だがそんな様子を気に食わないらしい、女子生徒たちが苛立つ様子で私へ嫌悪の視線を向ける。
(何なのよ、あいつ)
(ねぇ、調子にのりすぎじゃない?)
(そうそう、あの子、体育祭の最中教室で二条君とイチャついていたらしいよ)
(えー、うそ!何それ、やっぱりイケメンを独り占めしたいだけじゃない)
(噂では二条君や華僑君以外の男にも愛想振りまいているんだって、ありえないよね~)

コソコソと悪口がささやかれる中、女子生徒達の中央に腕を組み佇んでいた女がゆっくりと口を開いた。

「あの女……目障りよね?」

集まっていた女子生徒達は同意するようにコクコクと頷くと、中央の女は一人ほくそ笑んでいた。
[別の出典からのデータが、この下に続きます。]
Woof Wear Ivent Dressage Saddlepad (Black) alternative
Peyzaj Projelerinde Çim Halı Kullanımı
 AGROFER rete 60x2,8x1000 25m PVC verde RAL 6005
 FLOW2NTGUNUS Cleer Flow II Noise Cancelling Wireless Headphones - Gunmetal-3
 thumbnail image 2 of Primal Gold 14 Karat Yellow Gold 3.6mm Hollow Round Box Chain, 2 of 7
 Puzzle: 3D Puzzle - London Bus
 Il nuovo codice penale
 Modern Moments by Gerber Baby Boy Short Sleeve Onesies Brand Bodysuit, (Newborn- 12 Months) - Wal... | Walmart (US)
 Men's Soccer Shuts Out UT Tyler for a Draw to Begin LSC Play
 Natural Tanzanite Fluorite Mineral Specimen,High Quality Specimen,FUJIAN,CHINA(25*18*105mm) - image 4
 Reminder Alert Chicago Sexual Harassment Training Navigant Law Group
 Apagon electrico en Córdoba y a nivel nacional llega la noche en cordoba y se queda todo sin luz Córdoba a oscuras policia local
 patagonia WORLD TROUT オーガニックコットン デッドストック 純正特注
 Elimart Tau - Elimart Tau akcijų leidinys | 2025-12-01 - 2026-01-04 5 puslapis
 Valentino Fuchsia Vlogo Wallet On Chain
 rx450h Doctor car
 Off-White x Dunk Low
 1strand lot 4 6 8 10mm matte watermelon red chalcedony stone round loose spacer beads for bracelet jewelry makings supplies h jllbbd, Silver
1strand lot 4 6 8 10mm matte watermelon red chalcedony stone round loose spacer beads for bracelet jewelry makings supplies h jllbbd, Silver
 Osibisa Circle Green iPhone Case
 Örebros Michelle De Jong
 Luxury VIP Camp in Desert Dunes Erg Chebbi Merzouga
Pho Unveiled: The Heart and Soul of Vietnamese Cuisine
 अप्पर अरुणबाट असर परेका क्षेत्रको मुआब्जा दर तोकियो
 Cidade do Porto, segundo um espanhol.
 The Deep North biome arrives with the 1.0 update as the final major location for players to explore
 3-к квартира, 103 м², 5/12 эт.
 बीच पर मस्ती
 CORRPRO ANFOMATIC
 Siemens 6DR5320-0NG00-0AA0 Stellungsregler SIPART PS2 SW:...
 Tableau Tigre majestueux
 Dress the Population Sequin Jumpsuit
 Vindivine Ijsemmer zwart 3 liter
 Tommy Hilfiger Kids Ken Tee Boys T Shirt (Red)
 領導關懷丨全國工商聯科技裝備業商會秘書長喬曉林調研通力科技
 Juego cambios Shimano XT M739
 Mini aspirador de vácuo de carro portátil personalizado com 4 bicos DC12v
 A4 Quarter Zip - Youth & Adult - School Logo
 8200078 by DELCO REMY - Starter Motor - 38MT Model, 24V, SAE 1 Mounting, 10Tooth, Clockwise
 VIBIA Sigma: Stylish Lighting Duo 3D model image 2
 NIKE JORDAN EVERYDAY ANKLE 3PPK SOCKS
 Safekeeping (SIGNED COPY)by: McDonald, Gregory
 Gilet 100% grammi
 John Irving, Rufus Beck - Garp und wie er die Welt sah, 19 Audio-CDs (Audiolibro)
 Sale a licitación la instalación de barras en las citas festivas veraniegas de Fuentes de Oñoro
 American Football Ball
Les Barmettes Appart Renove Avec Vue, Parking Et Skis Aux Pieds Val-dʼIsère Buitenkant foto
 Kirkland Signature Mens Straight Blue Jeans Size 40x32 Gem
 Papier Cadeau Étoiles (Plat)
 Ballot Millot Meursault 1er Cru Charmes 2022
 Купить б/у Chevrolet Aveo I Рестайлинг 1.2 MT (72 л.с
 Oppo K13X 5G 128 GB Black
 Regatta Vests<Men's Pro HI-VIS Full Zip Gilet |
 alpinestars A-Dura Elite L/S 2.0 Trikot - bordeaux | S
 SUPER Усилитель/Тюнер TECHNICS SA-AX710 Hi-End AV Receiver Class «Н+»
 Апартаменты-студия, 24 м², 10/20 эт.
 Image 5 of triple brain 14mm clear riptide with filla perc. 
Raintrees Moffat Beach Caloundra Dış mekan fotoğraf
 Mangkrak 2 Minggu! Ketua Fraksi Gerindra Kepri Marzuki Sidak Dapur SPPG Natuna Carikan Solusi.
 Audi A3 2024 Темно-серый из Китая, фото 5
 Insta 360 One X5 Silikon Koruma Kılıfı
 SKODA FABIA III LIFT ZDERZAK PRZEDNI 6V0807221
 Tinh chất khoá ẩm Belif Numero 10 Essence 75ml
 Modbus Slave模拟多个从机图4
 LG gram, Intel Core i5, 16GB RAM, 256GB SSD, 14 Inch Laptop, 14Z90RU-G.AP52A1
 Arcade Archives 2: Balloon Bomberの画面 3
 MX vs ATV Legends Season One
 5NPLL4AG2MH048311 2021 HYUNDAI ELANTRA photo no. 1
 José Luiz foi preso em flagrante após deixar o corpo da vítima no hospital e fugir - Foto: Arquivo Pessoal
翌日、雨が降りしきる中、傘を差しながら校門をくぐると教室へと足を向けた。
教室のドアを開けると、何やら私の席の周りに人が集まっている。
いつもと違う教室の雰囲気に首を傾げていると、私の存在に気が付いた生徒達はが避けるように道を開けていく。
その先へ目を向けると、机の上に油性マジックで落書きがされていた。
そっと机に触れると、失笑する声が耳にとどく。

死ね、学校辞めろ、尻軽女、バカ、消えろ、ブス、

机には私を誹謗中傷する言葉がびっしり書きなぐられていた。
はぁ……暇人だね。
私は小さく息を吐くと、カバンからハンドクリームとティッシュを取り出した。
ハンドクリームを油性ペンの上に塗り、ティッシュでこする事数分、粗方落書きを消すと、次に筆箱を取り出し、消しゴムで机を擦っていく。
全て消しきるには少し時間はかかるが、ホームルームまでには落ちるだろう。
気が付けば、生徒達は静かに私の周りからいなくなっていた。

そうしてホームルームが始まり、私は何事もなかったかのように席へとつく。
そんな様子が面白くないのだろう、女子生徒達はコソコソと何かを話すと、鋭い目で睨みつけてきた。
相手にするだけ無駄だなぁ、まぁじきに飽きるでしょう。
そう悟り、女子生徒達を一瞥すると、授業に集中しようと、しっかりと前を向いた。

翌日私は早めに登校すると、またしても落書きされ、その上には一輪の花が飾られていた。
真っ白な菊の花。
あからさまな嫌がらせにため息が漏れる。
全くこんなくだらない事をいつ行っているのだろうか。
早朝なら落書きされる前にと思ったんだけど……。
放課後だと、どうしても家の用事やお稽古事で、中々残ることなんて出来ないだよね。
私は一人静かな教室でため息を吐くと、徐に花瓶を机の上から退け、窓際へと持っていく。
そうしてまた机の落書きを綺麗に消すと、平然とした様子で席へ着くのだった。

このぐらいの嫌がらせなら、問題はない。
それよりもこの事を二条や華僑、日華先輩……それにお兄様には絶対に知られないようにしないと。
二条や華僑が知れば、友達である私を助けようとするだろうし。
それは火に油を注ぐであろう事は、想像するに難くない。
もし日華先輩に知られればお兄様に、すぐに知られてしまうだろう。
お兄様に知られればきっと、私が気が付かない内に、いじめた主犯がつぶされてしまう。
私はそんな事を望んでいない。

子供じみたいたずらだし、飽きればやめるでしょ。
むしろ今まで誰も私に対して意見など言ってこない中等部生活に比べれば、刺激があって面白いぐらいだ。
一体次は何をしてくるのかな?
そろそろ漫画とかでよく見る、下駄箱に画びょうとか。
ふふっ、もしそうなっても、まぁ気を付けておけば問題ない。

そんな事を考えながら私はペンをクルクルと回していると、次第に生徒達が登校してくる。
そんな中、集団の女子生徒達が教室へ入ってくると、私の平然とした様子に苛立った様子を見せる。
私はそんな女子生徒達にニッコリ笑いかけると、彼女たちの眉間の皺が増えていた。